Monday, July 9, 2012

From the mind . . . to successful realization


The distance between the mind where an idea sits and its successful realization is a great one. And, unsurprisingly, we easily dissected the recent UST lecture of Malaysia's Mahathir – like we had dissected the lecture of Lee Kuan Yew of years ago? But isn’t it time to demonstrate moving an idea, from merely dissecting, to something tangible for the common good? We are 50 years behind!

Is Juan de la Cruz too smart for his own good? And to confound our predicament, we pronounce green shoots as ready for harvest? And so we like to say: “The glass is half-full”! [Counting the chickens before they’re hatched?] If the typical factors of production – men/women, machine, materials, money, method – are a challenge to pull together, what more of an economy? Especially in this day and age of global competition where products and services must be innovative and competitive if a nation is to generate robust revenues? Even a Nokia and a Blackberry, once powerhouses in technology, could hit a wall; how can green shoots automatically translate to an appreciable increase in our national revenues? The bottom line: we have to exert our best efforts if we are to overcome underdevelopment – i.e., we need an incremental GDP of > $100 billion! And we don’t want to do ourselves a disservice by being lulled into complacency? Global competition is so many folds more intense than the Ateneo-La Salle rivalry, for instance.

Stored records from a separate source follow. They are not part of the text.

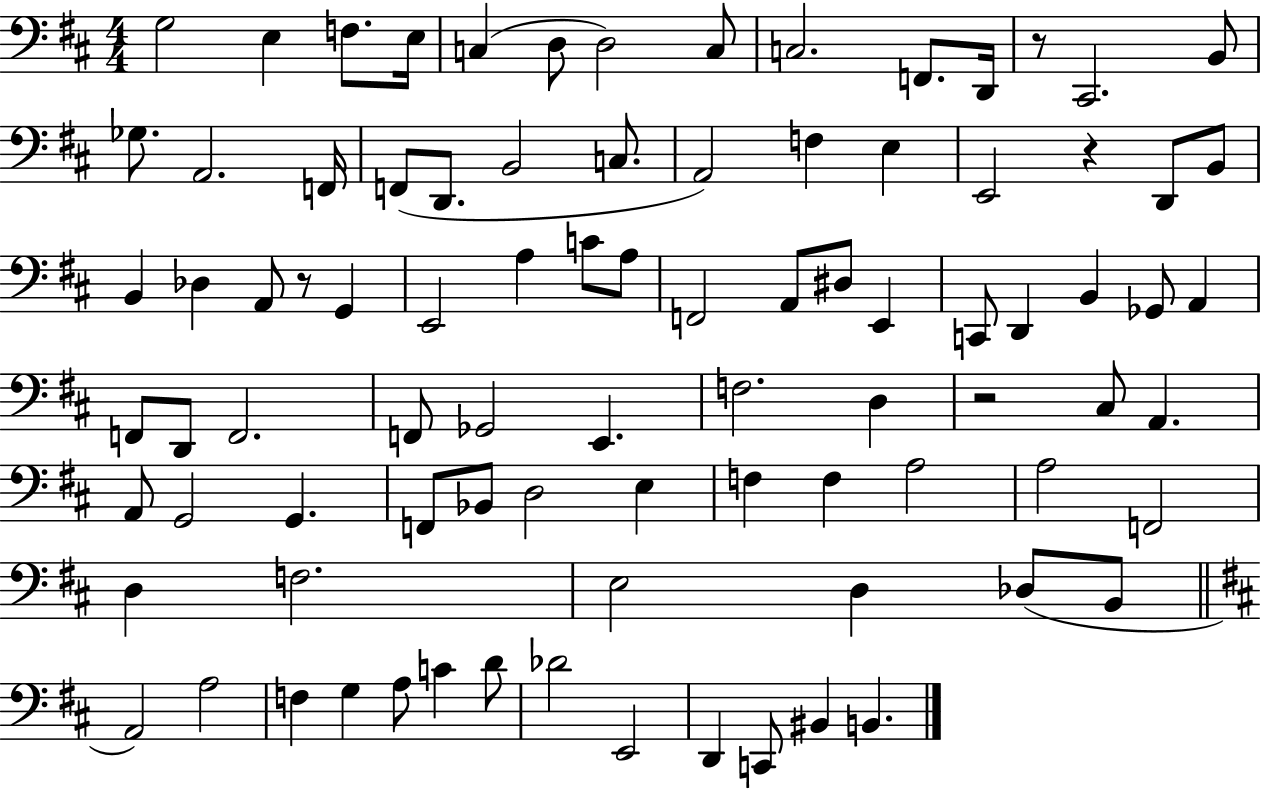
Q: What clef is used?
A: bass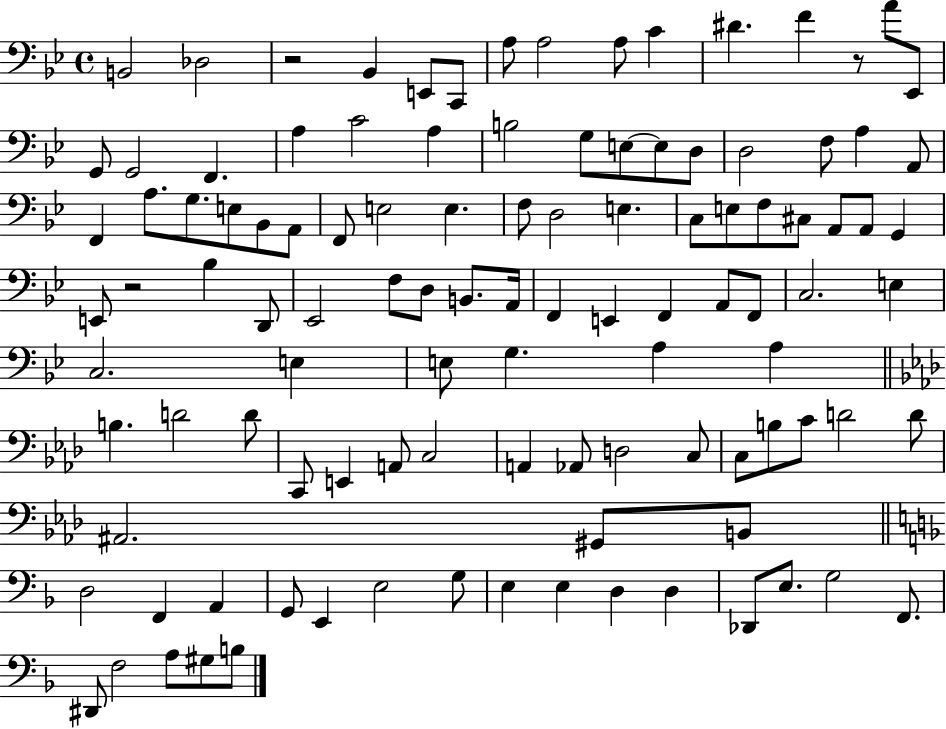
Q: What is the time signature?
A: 4/4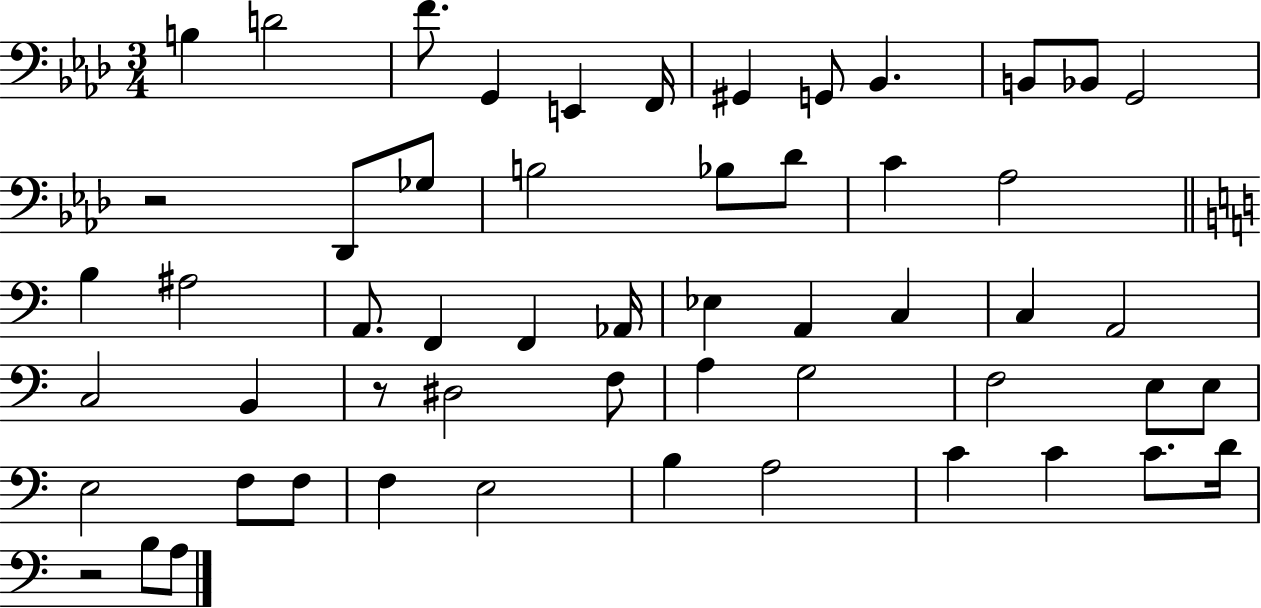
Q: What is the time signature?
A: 3/4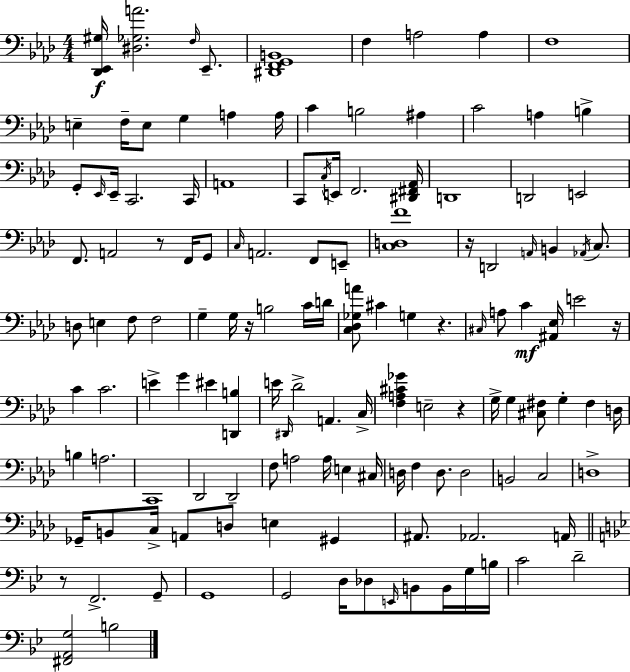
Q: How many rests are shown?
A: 7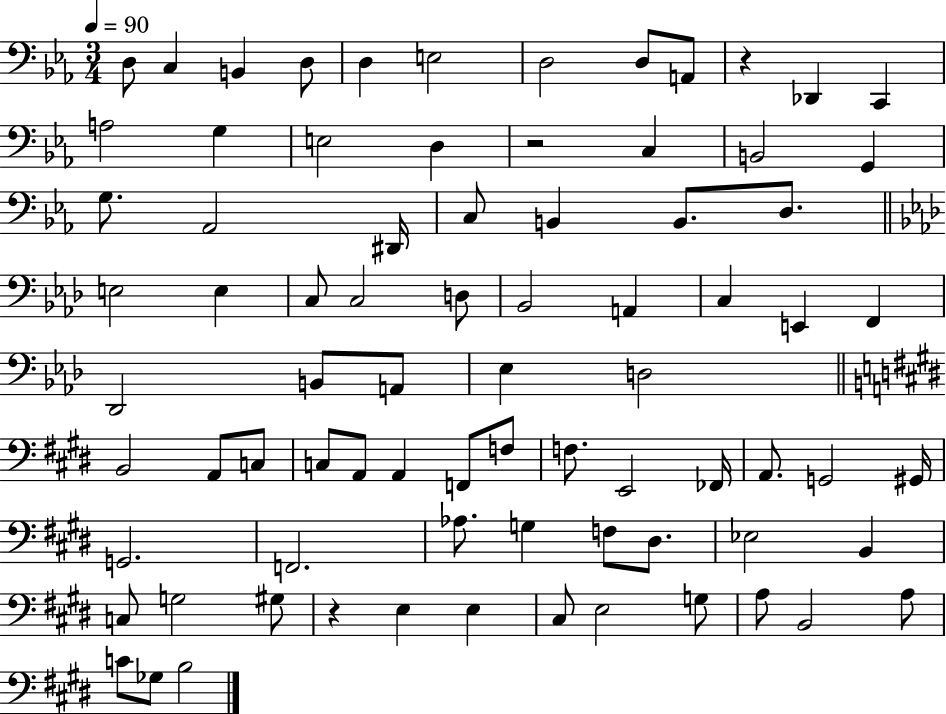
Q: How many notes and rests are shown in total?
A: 79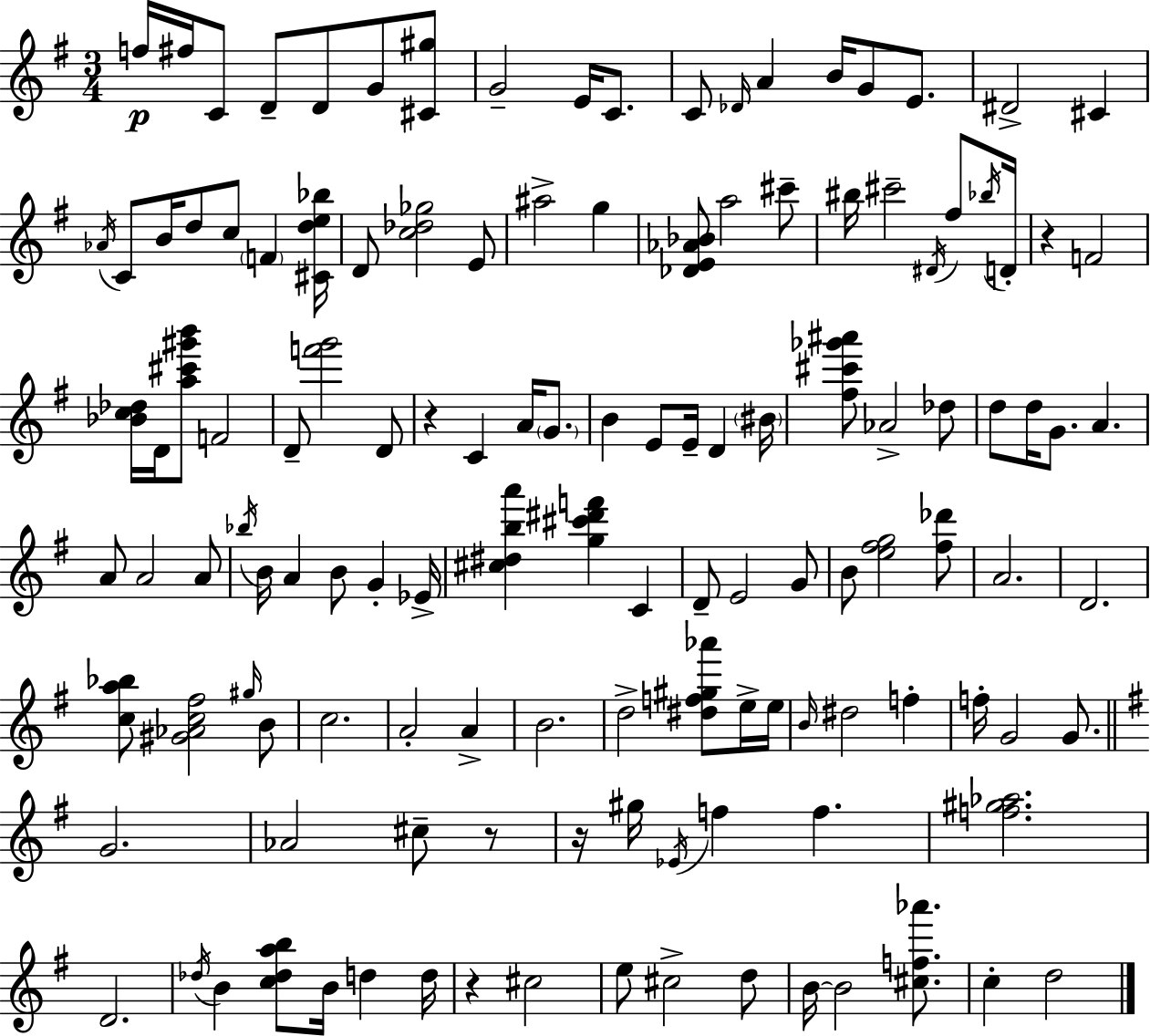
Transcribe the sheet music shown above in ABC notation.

X:1
T:Untitled
M:3/4
L:1/4
K:G
f/4 ^f/4 C/2 D/2 D/2 G/2 [^C^g]/2 G2 E/4 C/2 C/2 _D/4 A B/4 G/2 E/2 ^D2 ^C _A/4 C/2 B/4 d/2 c/2 F [^Cde_b]/4 D/2 [c_d_g]2 E/2 ^a2 g [_DE_A_B]/2 a2 ^c'/2 ^b/4 ^c'2 ^D/4 ^f/2 _b/4 D/4 z F2 [_Bc_d]/4 D/4 [a^c'^g'b']/2 F2 D/2 [f'g']2 D/2 z C A/4 G/2 B E/2 E/4 D ^B/4 [^f^c'_g'^a']/2 _A2 _d/2 d/2 d/4 G/2 A A/2 A2 A/2 _b/4 B/4 A B/2 G _E/4 [^c^dba'] [g^c'^d'f'] C D/2 E2 G/2 B/2 [e^fg]2 [^f_d']/2 A2 D2 [ca_b]/2 [^G_Ac^f]2 ^g/4 B/2 c2 A2 A B2 d2 [^df^g_a']/2 e/4 e/4 B/4 ^d2 f f/4 G2 G/2 G2 _A2 ^c/2 z/2 z/4 ^g/4 _E/4 f f [f^g_a]2 D2 _d/4 B [c_dab]/2 B/4 d d/4 z ^c2 e/2 ^c2 d/2 B/4 B2 [^cf_a']/2 c d2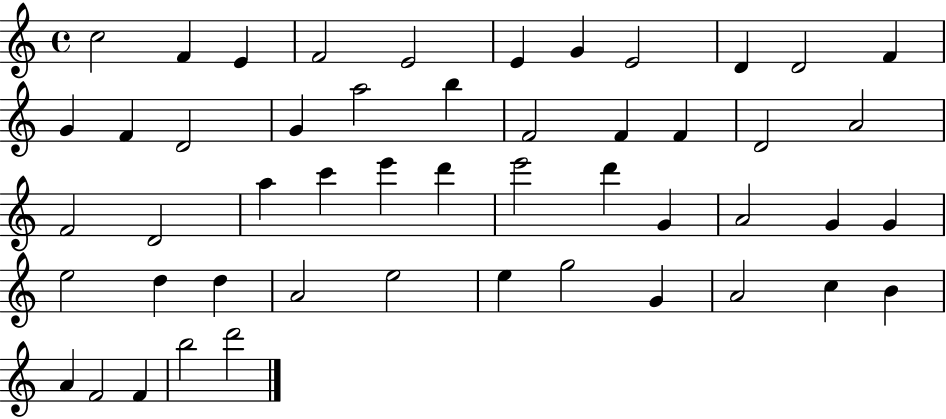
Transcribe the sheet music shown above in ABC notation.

X:1
T:Untitled
M:4/4
L:1/4
K:C
c2 F E F2 E2 E G E2 D D2 F G F D2 G a2 b F2 F F D2 A2 F2 D2 a c' e' d' e'2 d' G A2 G G e2 d d A2 e2 e g2 G A2 c B A F2 F b2 d'2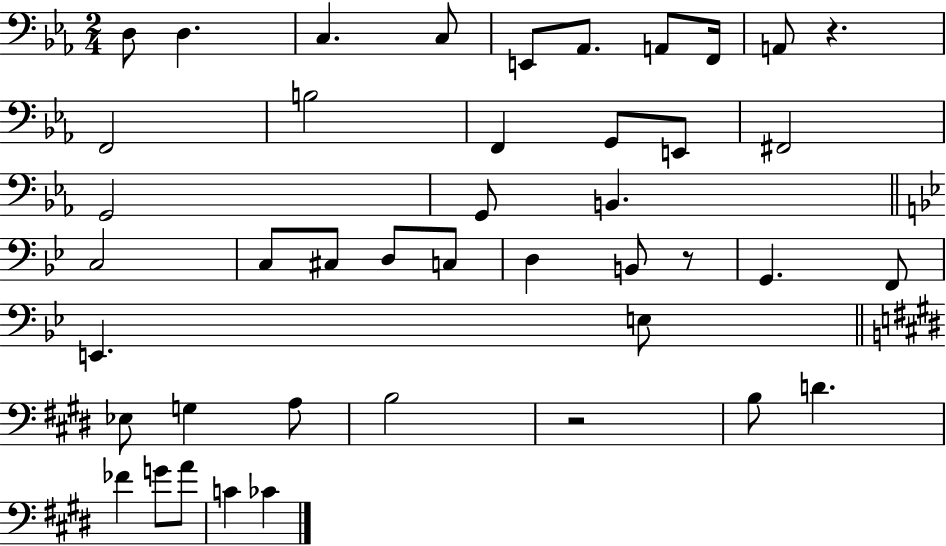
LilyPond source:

{
  \clef bass
  \numericTimeSignature
  \time 2/4
  \key ees \major
  \repeat volta 2 { d8 d4. | c4. c8 | e,8 aes,8. a,8 f,16 | a,8 r4. | \break f,2 | b2 | f,4 g,8 e,8 | fis,2 | \break g,2 | g,8 b,4. | \bar "||" \break \key g \minor c2 | c8 cis8 d8 c8 | d4 b,8 r8 | g,4. f,8 | \break e,4. e8 | \bar "||" \break \key e \major ees8 g4 a8 | b2 | r2 | b8 d'4. | \break fes'4 g'8 a'8 | c'4 ces'4 | } \bar "|."
}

Of course, Mahathir, like Lee Kuan Yew, was a strongman. And we resent autocracy – and want more freedom! Yet we don't describe our ultimate value as one of nationhood – one that we could be proud of because it is directed to the common good? It is what nation-building is about. Freedom, despite its nice ring, can indeed be misguided when public servants – supposedly sworn to transparency – would claim privacy of foreign currency deposits to be a fundamental right . . . as we saw, for example, in ex-CJ Corona and legislators who valued our supposed sovereignty over the call for good global citizenship? Thankfully we finally got around to this reality. Indeed we have to keep working and learning about good citizenship given our cacique system – of rank, privilege and entitlement – which doesn’t hold it paramount, as is the common good?

And so what do we really mean when we say that we want democracy – Philippine-style – based on our history and culture? We want to preserve respect for elders or respect for hierarchy and the cacique culture? To be egalitarian was what our forebears fought for yet today we feel entitled to enlarge our own domestic staffs, and in the bigger scheme of things, our OFWs? They are the modern-day manifestations of our hierarchical history – and an utterly failed economy! They toil long and hard away from home and family while our businesses get the spoils, and why our economy is able to stay afloat! It is not to write home about, but we’ve set a low bar and so we celebrate it?

Or do we want to learn from the Greeks – they, who invented democracy? Writes the managing editor of the Greek daily newspaper Kathimerini, NY Times, 15th Jun 2012, "We lost the self-discipline, moderation and inventiveness that once helped the Greeks achieved great things, and we succumbed to political expediency, delusions of grandeur and a fatal sense of entitlement . . . What I want to remember from Greece in 2012 is how laziness and years of intellectual sloppiness can waste the gift of freedom and leave open the gates of the city – how we allowed our leaders to pander to us until we had no one capable of leading us . . ."

We may realize that Mahathir makes sense when he speaks to the imperatives of education, industrialization and technology – beyond foreign direct investments – but we have yet to get our mind fine-tuned because to respect our history and culture means to factor in all the complexities in Juan de la Cruz? And it is what makes us intellectually superior? What about learning to be forward-looking? It is only after we are crystal clear that we want to successfully face the future – for the common good – would we then be able to figure out the rigors of successful realization: who will do what, when, where and how! And that demands both the leadership and the citizenry working together towards a vision, of an egalitarian society! But that’s our forebears, not us – too bad so sad – and which explains why we're a failed economy?